El anecdotario del miedito

Érase que se era que estando en Varsovia a finales de mayo, volvía junto con mi jefe de la reunión de trabajo en la que arrojamos ambos la mañana (a fuer de ser sincero, volvíamos del restauracja de comida típica polaca en el que desbaraté alegremente mis esfuerzos por perder peso de los últimos dos meses). Llegando al hotel observamos, sin darle mayor importancia, un coche de policía estacionado de cualquier manera en la entrada. Ya en el pasillo de camino a nuestras habitaciones nos dimos cuenta de que había un biombo con un cartel, bloqueando el paso justo delante de la puerta de la 529. Mi puerta. Alrededor de cinco personas se arremolinaban detrás. No entendí ni el cartel ni nada de lo que decían, ya que mis conocimientos de polaco apenas pasan de decir solidarność y piwo, mal pronunciados. No importó: al intentar franquear la barrera un vigilante de seguridad de dos por dos metros nos redireccionó amablemente a la recepción.

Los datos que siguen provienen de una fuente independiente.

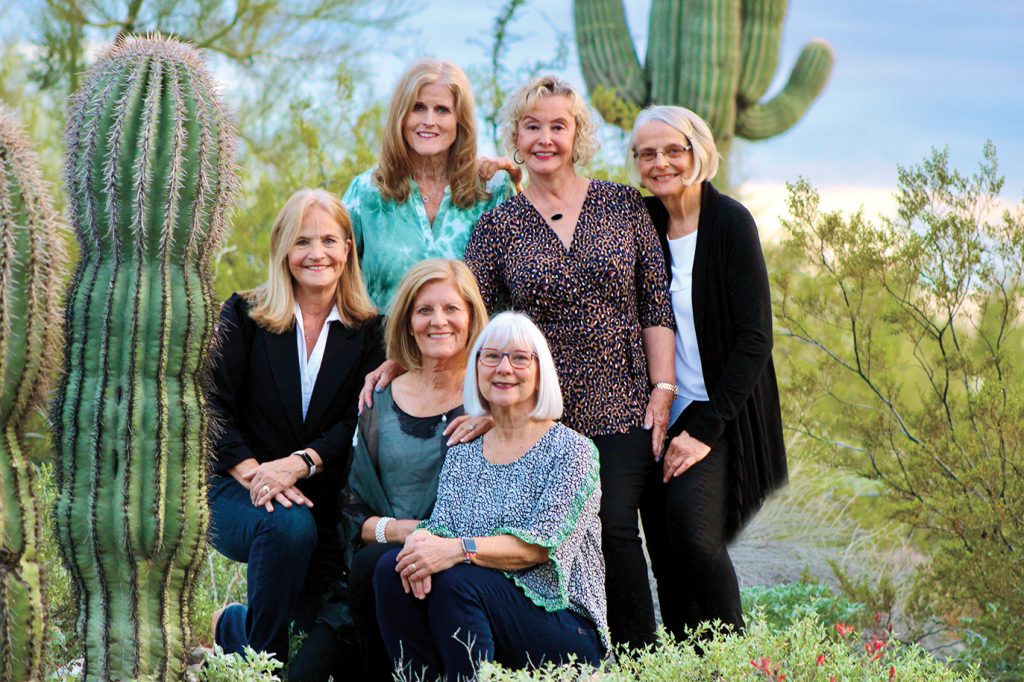 Alumni group posed in a desert setting surrounded by cacti
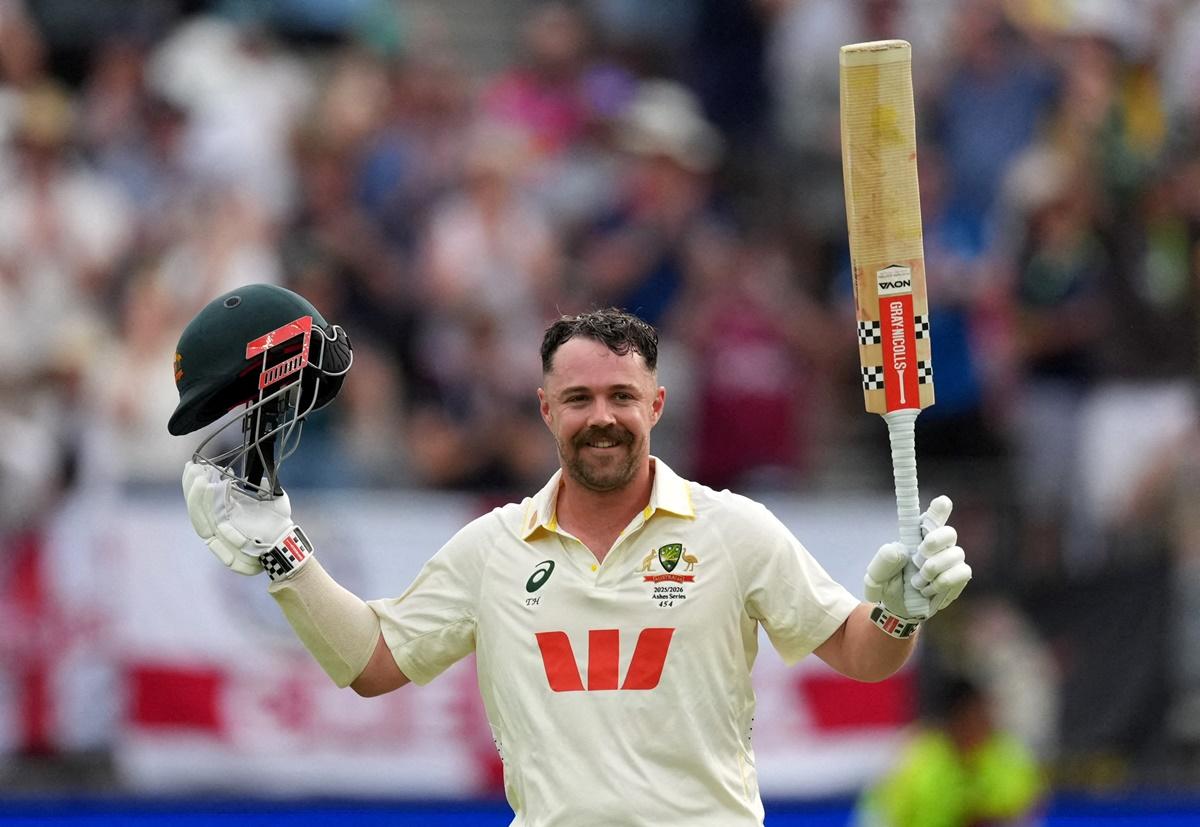 Travis Head celebrates after completing his century on Day 2 of the first Test against England in Perth on Saturday.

Allí, una chica muy amable y con un inglés algo escaso me informó de que debía cambiar de habitación. Mientras preparaba la llave, me explicó que había “problemas con el agua”, Naturalmente, podría pasar a recoger mis enseres. Tal hice: subí de nuevo, acompañado por mi jefe y con un enjambre de moscas detrás de la oreja izquierda. Rebasé el control del guardia con decisión y entré en el que no era ya mi cuarto. Perfectamente arreglado, sin una mancha de humedad. Rehíce mi maleta, aunque por más que busqué mi cepillo de dientes no apareció —y eso que tengo la costumbre de dejarlo siempre junto al lavabo, metido en un vaso, para no olvidarlo. El vasito, de plástico, sí estaba allí.

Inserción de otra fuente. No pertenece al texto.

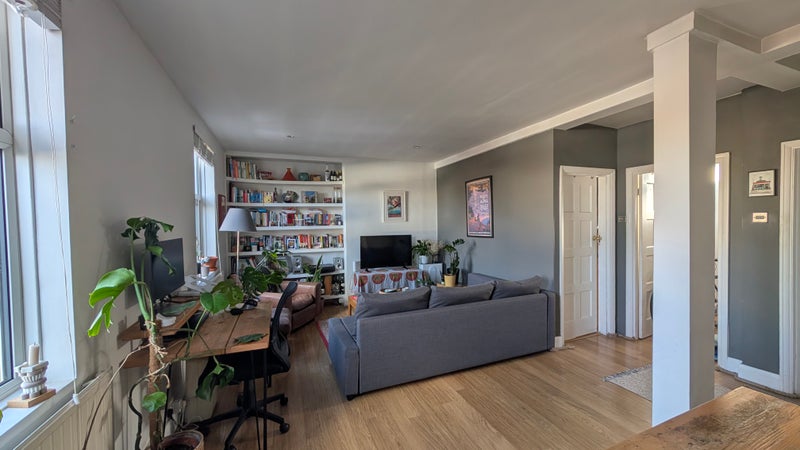 Photo 1: Living room with workstation 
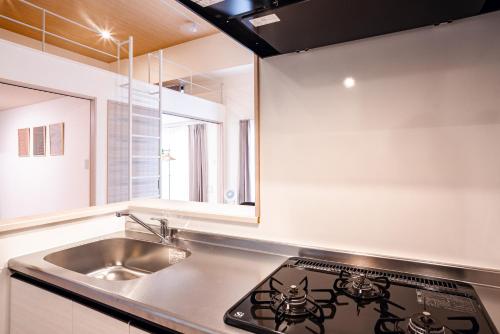 Kuchyň nebo kuchyňský kout v ubytování Hie Apartment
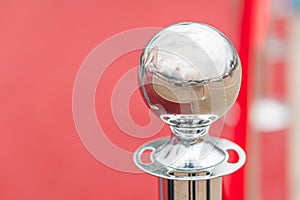 Red sphere on stand in red setting, reflective surface, diffuse artificial lighting, interior space hinted photo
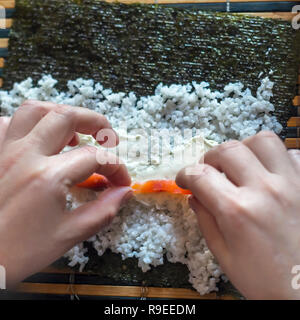 Die Sushi Rollen zu Hause: weibliche Hände Lachs Fisch Streifen auf Frischkäse, Reis, Nori Algen Blatt auf einem Bambus Matte gelegt. Ansicht von oben Stockfoto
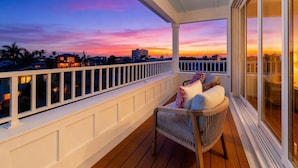Un balcone con vista sul tramonto, una sedia in vimini e una ringhiera.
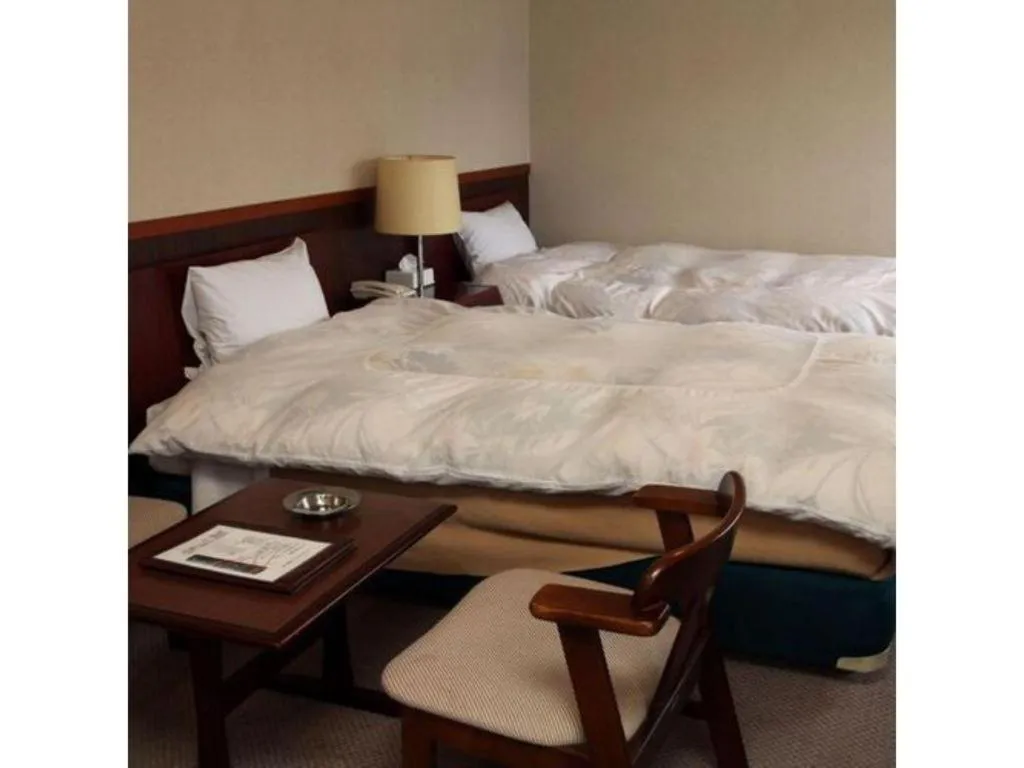 Bed in AKISAWA HOTEL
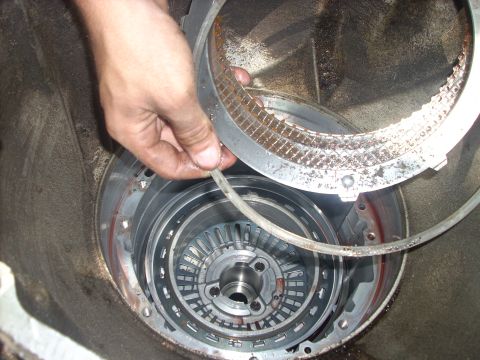 1992 Ford Bronco - remove the snap ring from the case and remove the overdrive pressure plate and clutches
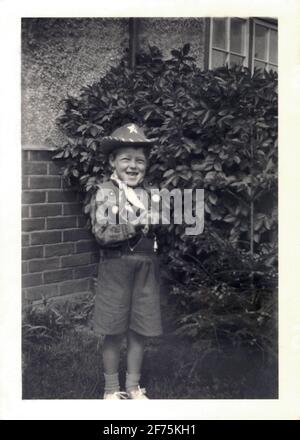 Happy Smiling Young Caucasian Boy Aged 4 Dressed up in His Cowboy Outfit Stock Photo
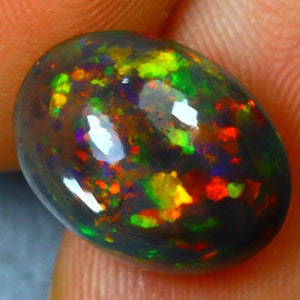 K&ouml;nnte beinhalten: Ein ovaler Opal-Edelstein in Dunkelgrau mit hohem Glanz. Der Opal zeigt eine Vielzahl von Farben, darunter Gr&uuml;n, Rot, Orange und Gelb.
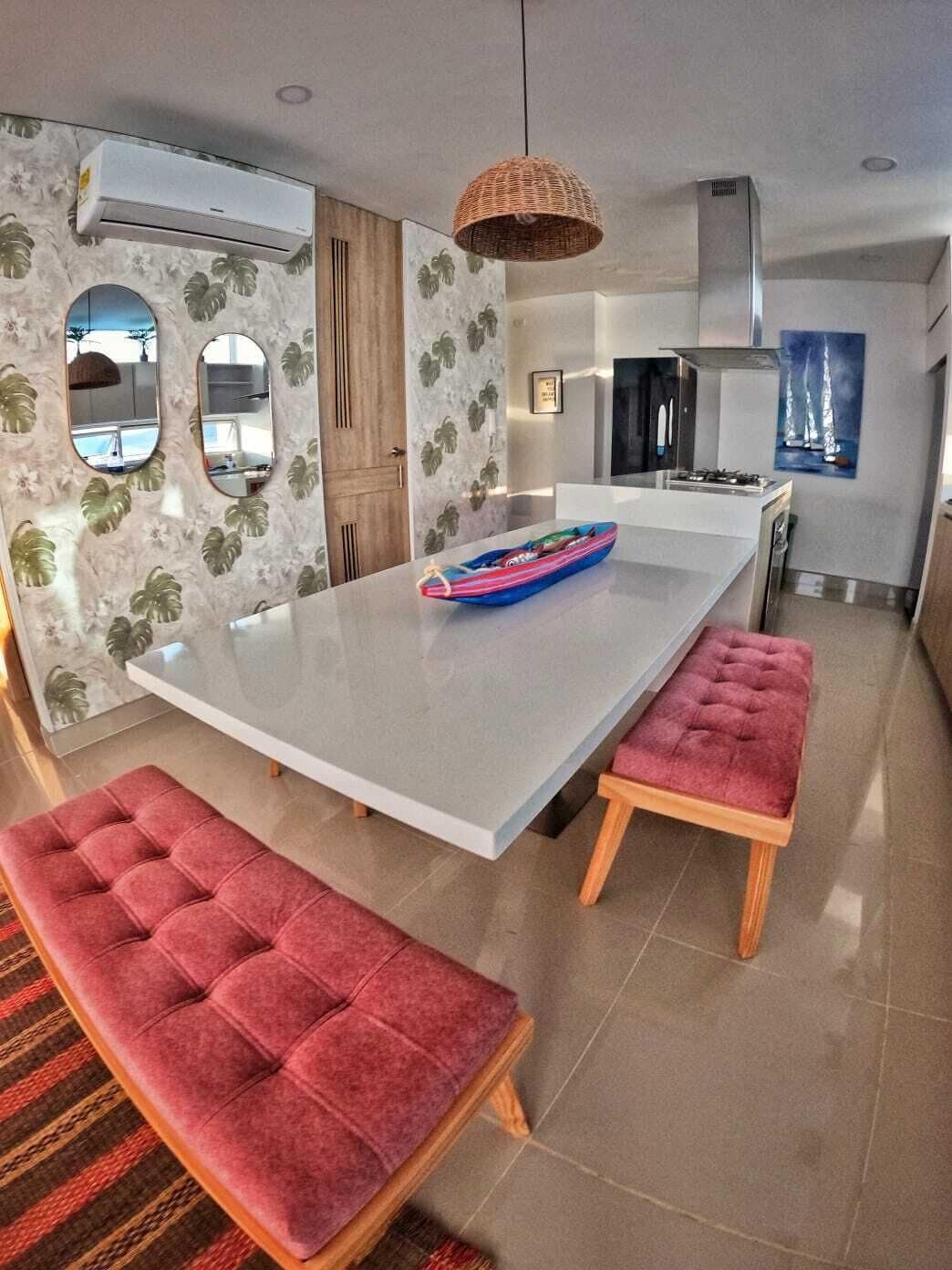 A modern kitchen with a central island, a dining area with red upholstered benches, and a hanging wicker light fixture.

La imaginación de mi jefe, que se alojaba en la habitación contigua (por tanto, justo antes del biombo) hervía en suposiciones. Por no decir de la mía; quedamos, ante la sensación de inseguridad, en pedir que también le cambiaran a él de ubicación. Viajecito adicional a la recepción, donde, a la vez que aceptaban el cambio, intentaban explicarnos que el problema estaba, en realidad, en las bajantes, por lo que todas las habitaciones en la vertical de la 529 habían tenido que ser clausuradas.

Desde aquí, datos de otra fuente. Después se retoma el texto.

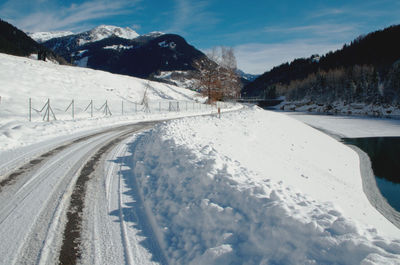 Snow covered road by mountains against sky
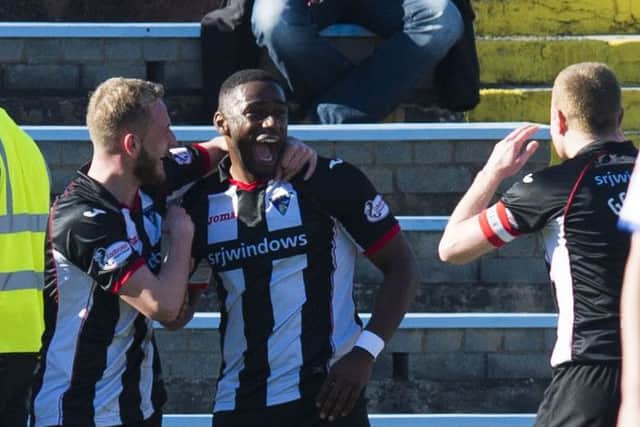 Nat Wedderburn (8) celebrates his goal with team-mates. Picture: Sammy Turner/SNS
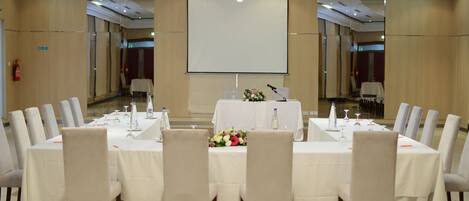 A conference room with a long table, chairs, a projector screen, and a chandelier.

Algo más de actividad recogedora de maletas después, nos encontramos en la puerta de nuestras nuevas habitaciones, una planta más arriba. 633 y 635. A decir verdad lo suponíamos, pero en ese momento fuimos conscientes con precisión de que nos habían mentido. Una señora, con toda la apariencia de huésped del hotel, llegó a la puerta de la 629, supuestamente condenada, y entró en ella. Ni que decir tiene que en el pasillo de la sexta planta no había biombo. Al día siguiente abandonamos aquel hotel para encaminarnos al aeropuerto sin que nadie volviera a hablarnos de lo ocurrido. Tan sólo mi desaparecido cepillo de dientes y una inexplicable mancha oscura en el cuello de una camisa que mi jefe tenía colgada de una percha en el armario de su primera habitación daban fe de que allí había pasado algo muy inusual… (Dentro sintonía de la nave del misterio.)